> ASSIGNMENT:
Please report how many lines in the records below contain the word "flooring", and give nothing else.

> DATA EXTRACTS:
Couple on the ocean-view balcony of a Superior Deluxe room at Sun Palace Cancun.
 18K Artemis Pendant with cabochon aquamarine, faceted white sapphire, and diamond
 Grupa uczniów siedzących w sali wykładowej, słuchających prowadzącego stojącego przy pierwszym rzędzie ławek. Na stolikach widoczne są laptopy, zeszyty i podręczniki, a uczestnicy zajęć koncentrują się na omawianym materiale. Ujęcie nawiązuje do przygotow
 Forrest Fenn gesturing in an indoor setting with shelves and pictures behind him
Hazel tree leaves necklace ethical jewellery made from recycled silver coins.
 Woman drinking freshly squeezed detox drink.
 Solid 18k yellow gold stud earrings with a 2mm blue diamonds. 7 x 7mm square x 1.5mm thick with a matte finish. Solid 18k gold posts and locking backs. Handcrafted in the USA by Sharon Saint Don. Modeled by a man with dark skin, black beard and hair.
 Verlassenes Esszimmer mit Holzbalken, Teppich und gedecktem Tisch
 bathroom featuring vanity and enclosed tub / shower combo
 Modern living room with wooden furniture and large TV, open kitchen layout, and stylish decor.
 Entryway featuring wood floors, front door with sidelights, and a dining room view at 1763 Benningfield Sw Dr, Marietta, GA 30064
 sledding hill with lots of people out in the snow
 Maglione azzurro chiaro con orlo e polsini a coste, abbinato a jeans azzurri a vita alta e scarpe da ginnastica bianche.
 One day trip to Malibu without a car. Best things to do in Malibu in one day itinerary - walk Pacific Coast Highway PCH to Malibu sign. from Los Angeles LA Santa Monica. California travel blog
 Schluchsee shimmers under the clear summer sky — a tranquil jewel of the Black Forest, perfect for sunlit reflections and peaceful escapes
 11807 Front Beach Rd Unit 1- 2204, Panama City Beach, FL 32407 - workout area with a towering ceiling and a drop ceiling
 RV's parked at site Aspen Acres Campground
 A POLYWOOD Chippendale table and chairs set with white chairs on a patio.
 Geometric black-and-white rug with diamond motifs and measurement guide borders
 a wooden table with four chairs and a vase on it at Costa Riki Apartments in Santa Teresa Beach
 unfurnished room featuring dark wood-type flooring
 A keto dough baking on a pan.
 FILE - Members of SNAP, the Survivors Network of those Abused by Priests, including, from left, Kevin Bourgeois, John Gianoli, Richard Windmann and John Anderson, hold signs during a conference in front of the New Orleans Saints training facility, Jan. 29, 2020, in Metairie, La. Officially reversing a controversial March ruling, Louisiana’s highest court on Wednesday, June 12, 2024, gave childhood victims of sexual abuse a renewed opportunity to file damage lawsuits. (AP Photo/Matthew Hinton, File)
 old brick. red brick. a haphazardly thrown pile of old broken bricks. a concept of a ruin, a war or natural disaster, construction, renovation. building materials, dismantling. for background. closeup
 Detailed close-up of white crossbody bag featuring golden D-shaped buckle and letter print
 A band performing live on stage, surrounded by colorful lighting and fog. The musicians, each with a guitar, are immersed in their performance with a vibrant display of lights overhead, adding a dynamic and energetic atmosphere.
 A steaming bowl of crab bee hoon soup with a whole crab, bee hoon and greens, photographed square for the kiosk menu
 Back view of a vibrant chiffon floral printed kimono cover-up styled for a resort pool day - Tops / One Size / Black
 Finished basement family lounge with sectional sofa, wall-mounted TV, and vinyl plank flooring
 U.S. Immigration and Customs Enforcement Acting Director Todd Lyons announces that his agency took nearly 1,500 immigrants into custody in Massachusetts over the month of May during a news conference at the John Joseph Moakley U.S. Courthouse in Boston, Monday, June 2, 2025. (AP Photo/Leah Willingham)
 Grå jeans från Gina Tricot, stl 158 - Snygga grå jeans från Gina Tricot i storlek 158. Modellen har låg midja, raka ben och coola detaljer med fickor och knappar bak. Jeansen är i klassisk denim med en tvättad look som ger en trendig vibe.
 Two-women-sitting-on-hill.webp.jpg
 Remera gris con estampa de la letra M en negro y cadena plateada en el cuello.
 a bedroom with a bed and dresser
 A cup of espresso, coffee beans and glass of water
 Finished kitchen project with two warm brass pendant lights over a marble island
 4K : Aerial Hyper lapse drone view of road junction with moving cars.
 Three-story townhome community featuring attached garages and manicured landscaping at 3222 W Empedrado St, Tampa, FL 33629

> RESPONSE BOX:
2